* _WORK INSTRUCTIONS_: With pictures excluded, repeat exactly the lines from the one containing "1035 - A CONTINENTAL" through the last line of the material below.

* _DATA BELOW_:
== Segment start ==

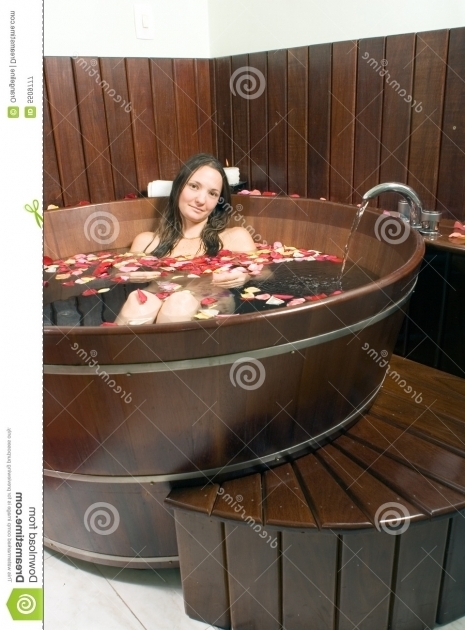 Awesome Wooden Bathtub Plans Woman At A Spa Soaking In A Large Wooden Bathtub Royalty Free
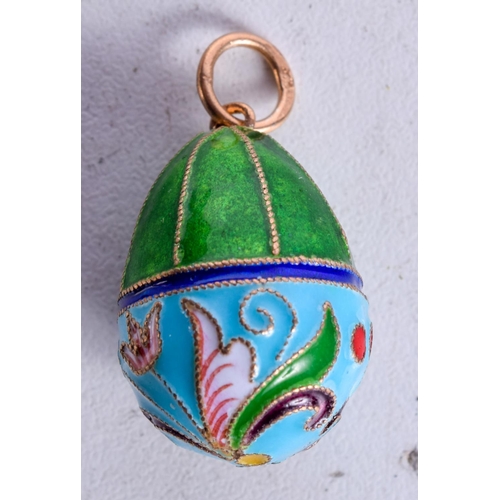 1035 - A CONTINENTAL SILVER AND ENAMEL EGG PENDANT.  Stamped 84, 3cm x 1.7cm, 5.8g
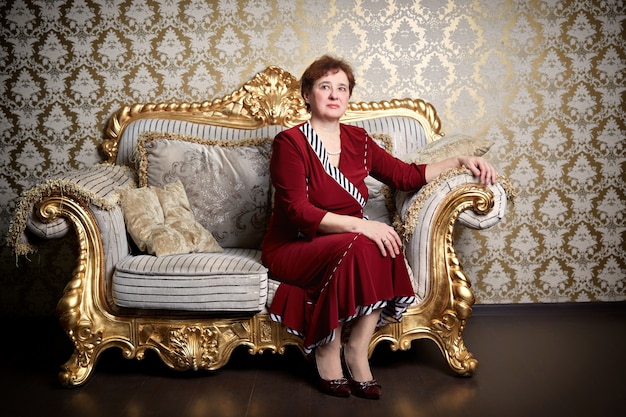 Photo riche femme âgée assise sur un canapé coûteux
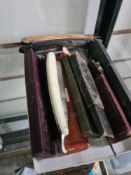 A quantity of old cutthroat razors, some in original holders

== Segment end ==

* _RESULT_:
 1035 - A CONTINENTAL SILVER AND ENAMEL EGG PENDANT.  Stamped 84, 3cm x 1.7cm, 5.8g
 Photo riche femme âgée assise sur un canapé coûteux
 A quantity of old cutthroat razors, some in original holders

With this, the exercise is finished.